Working data:
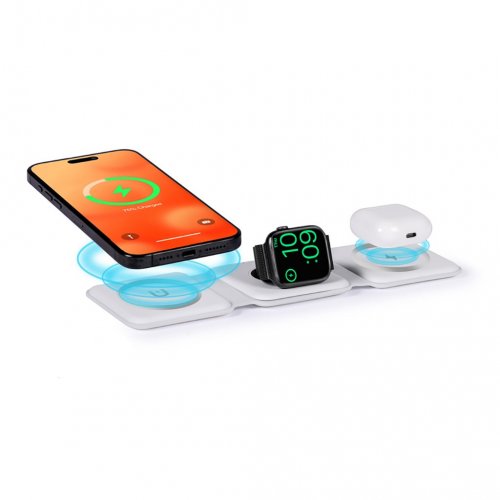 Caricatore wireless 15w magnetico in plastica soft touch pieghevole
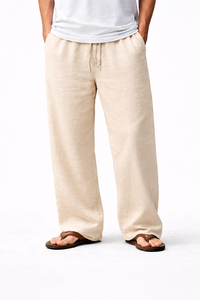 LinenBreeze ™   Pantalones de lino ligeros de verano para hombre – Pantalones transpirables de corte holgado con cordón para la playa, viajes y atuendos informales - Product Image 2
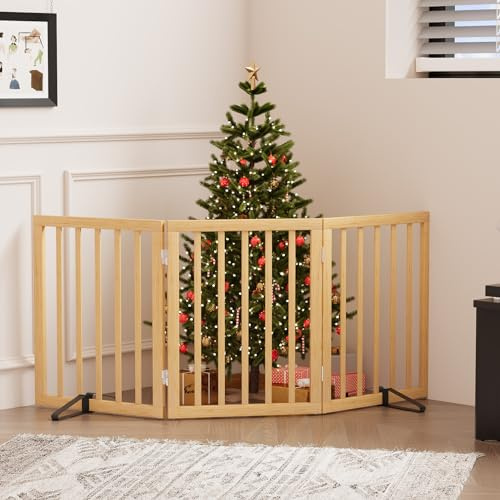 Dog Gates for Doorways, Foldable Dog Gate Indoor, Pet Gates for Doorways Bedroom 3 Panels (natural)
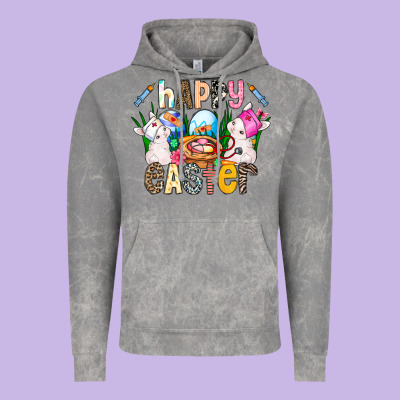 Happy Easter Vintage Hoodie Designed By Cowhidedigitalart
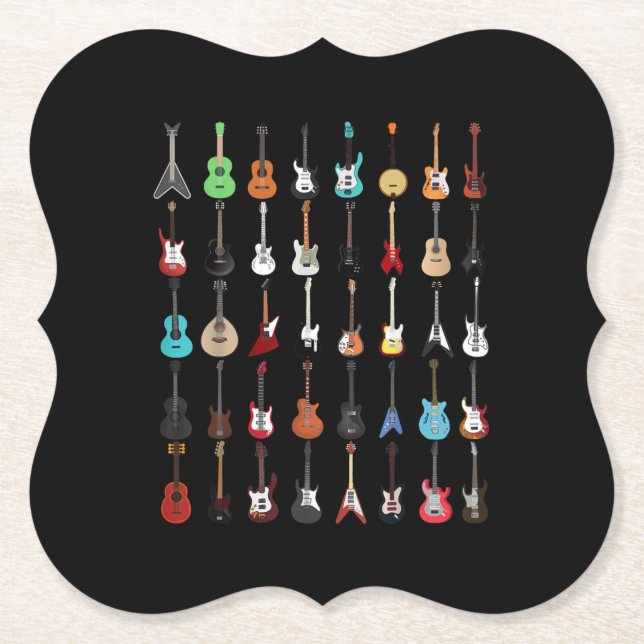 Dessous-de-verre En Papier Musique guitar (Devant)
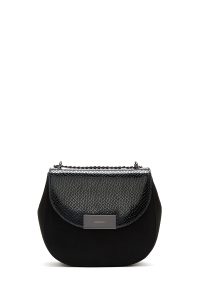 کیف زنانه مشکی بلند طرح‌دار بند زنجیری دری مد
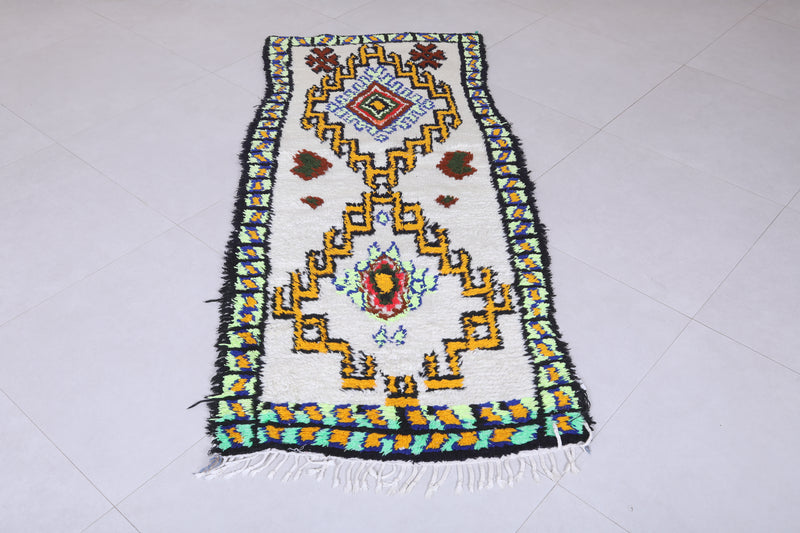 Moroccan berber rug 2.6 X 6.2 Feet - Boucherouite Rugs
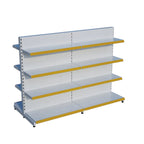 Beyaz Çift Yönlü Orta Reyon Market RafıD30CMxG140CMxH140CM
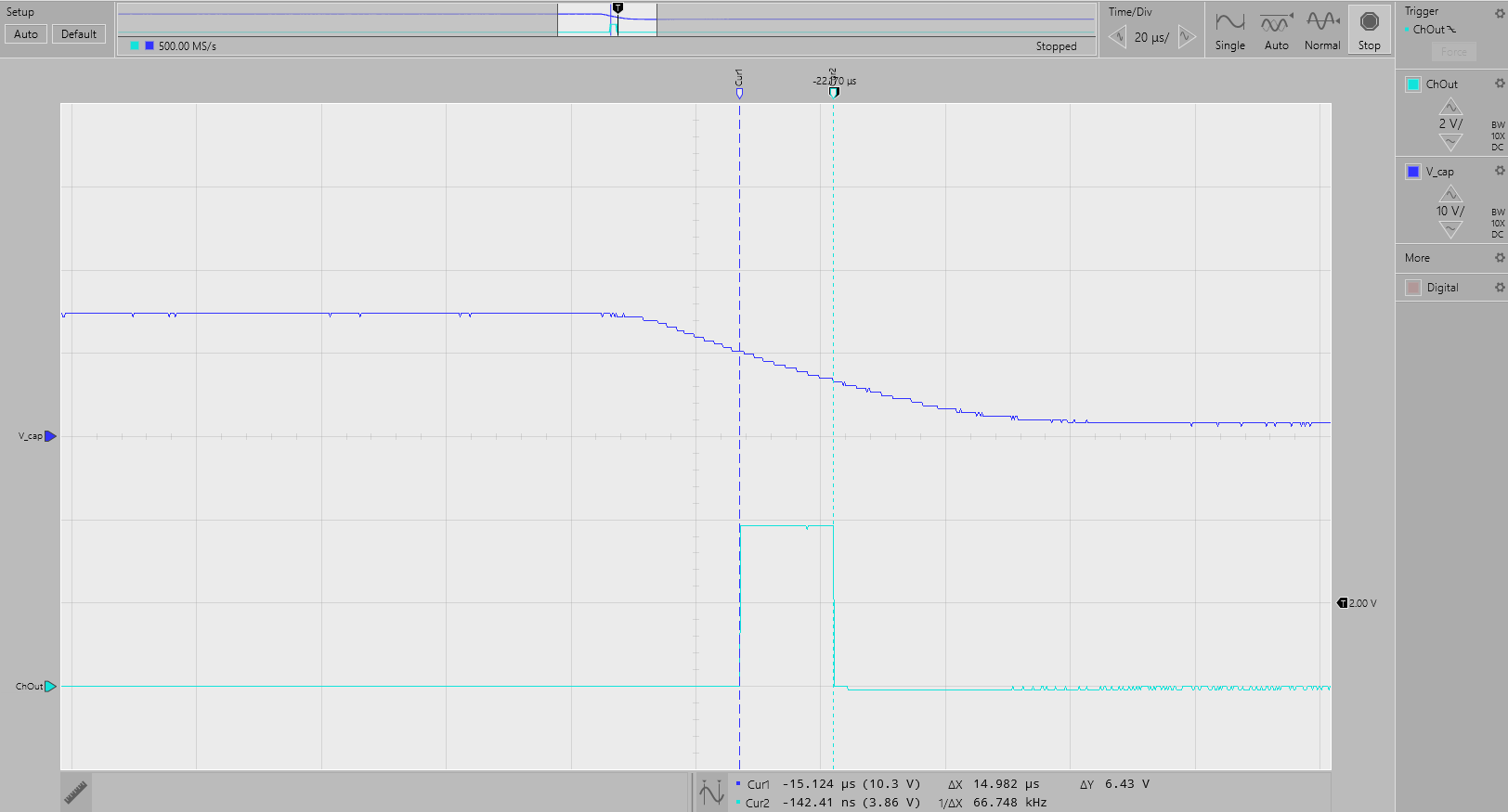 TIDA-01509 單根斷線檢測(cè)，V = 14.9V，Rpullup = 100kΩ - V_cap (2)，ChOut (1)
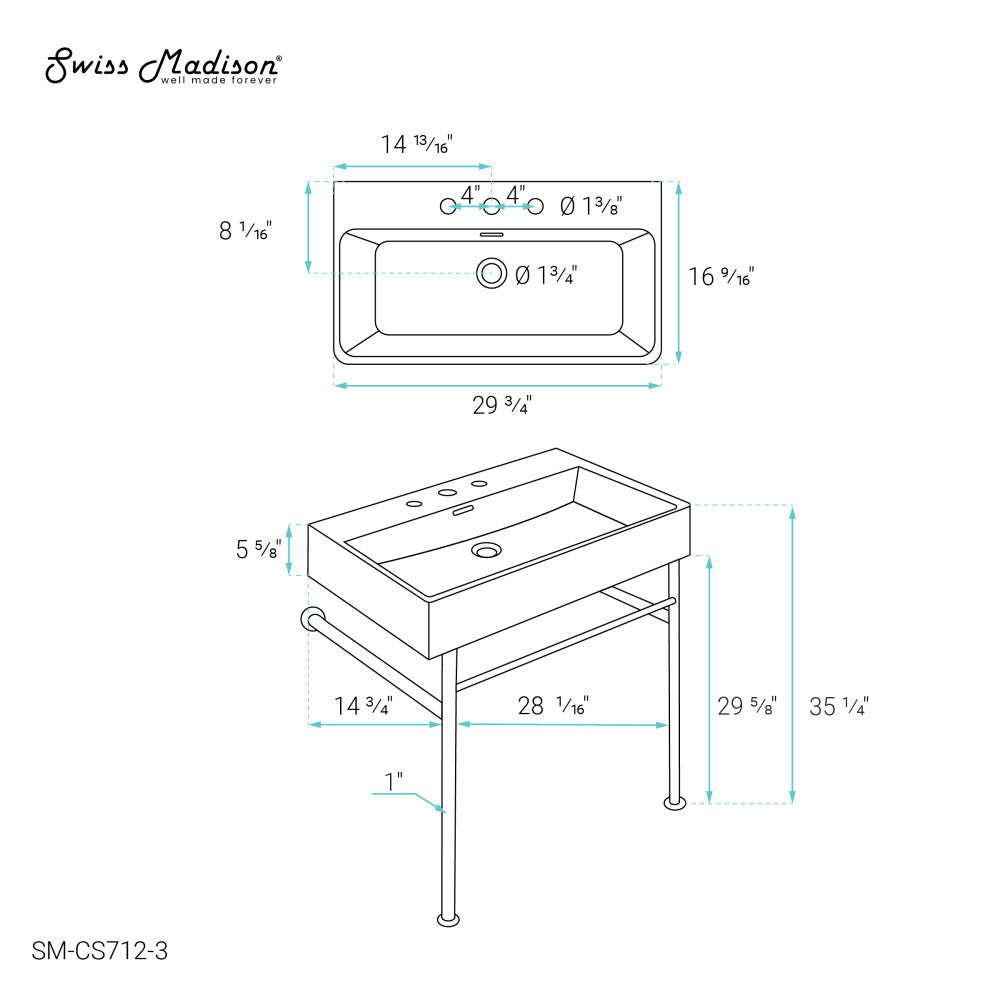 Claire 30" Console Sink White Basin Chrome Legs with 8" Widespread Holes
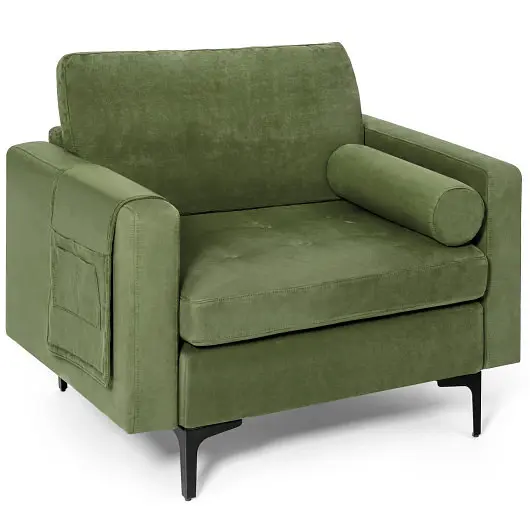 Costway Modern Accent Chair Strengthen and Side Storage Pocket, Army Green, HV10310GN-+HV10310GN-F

==

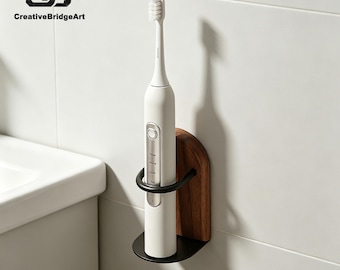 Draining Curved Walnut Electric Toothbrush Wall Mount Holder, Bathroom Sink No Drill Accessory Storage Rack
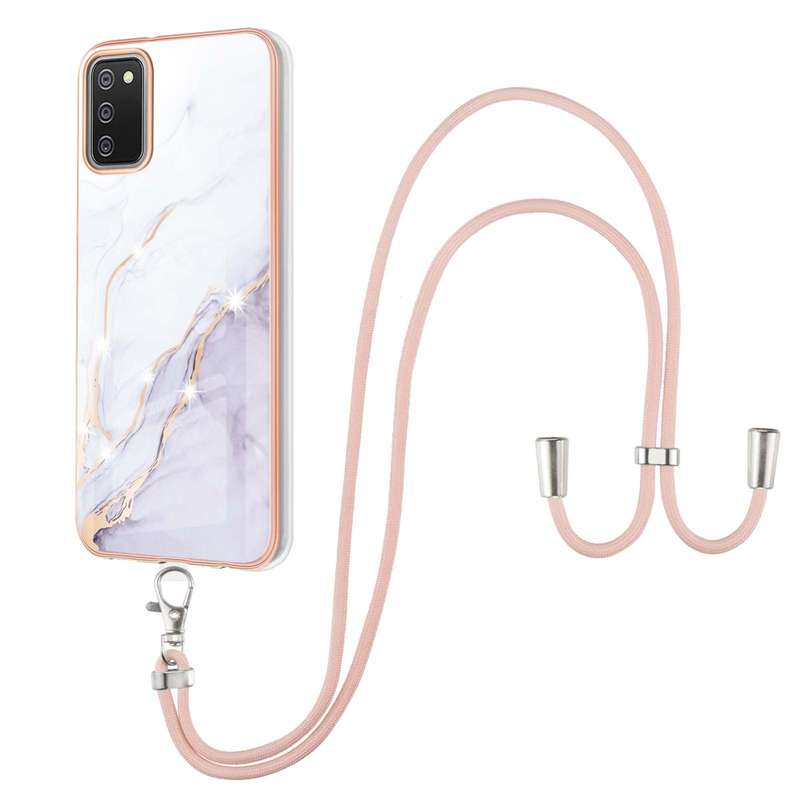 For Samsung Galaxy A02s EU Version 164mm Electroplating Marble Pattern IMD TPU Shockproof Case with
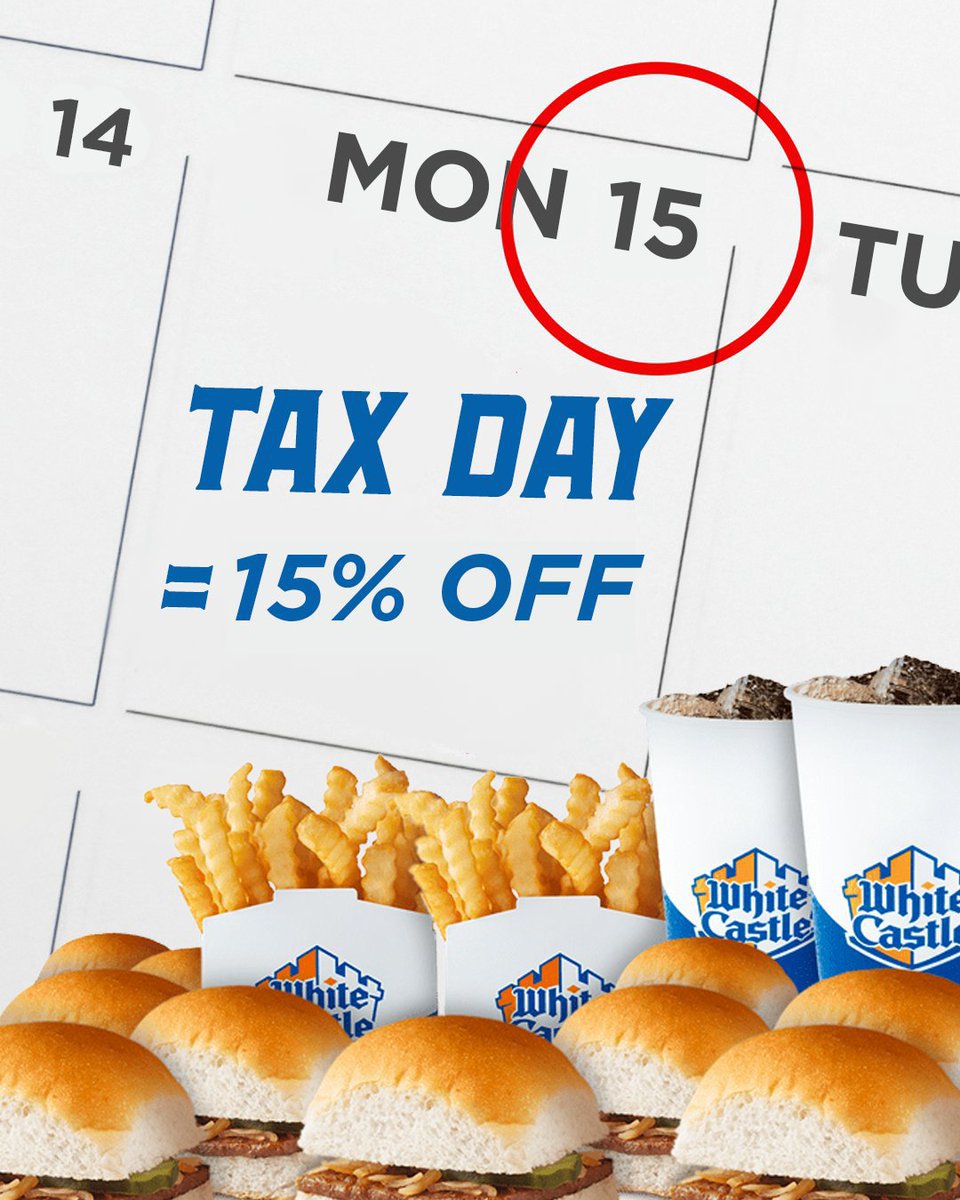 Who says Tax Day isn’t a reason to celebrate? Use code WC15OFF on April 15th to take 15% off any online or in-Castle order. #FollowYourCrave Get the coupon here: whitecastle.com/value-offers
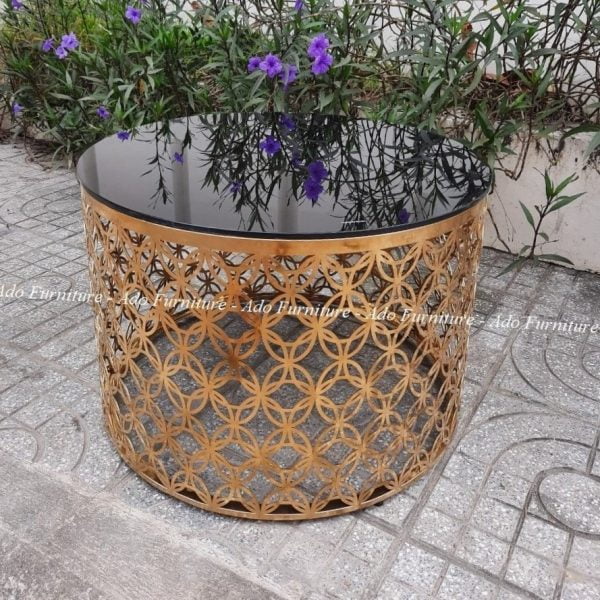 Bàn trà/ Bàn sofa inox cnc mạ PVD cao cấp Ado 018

Exercise objective:
Starting at the line with "Console Sink White" in the entries above, write out every line exactly until the line with "Costway Modern Accent" has been written. Include no pictures and nothing more.

Task solution:
 Claire 30" Console Sink White Basin Chrome Legs with 8" Widespread Holes
 Costway Modern Accent Chair Strengthen and Side Storage Pocket, Army Green, HV10310GN-+HV10310GN-F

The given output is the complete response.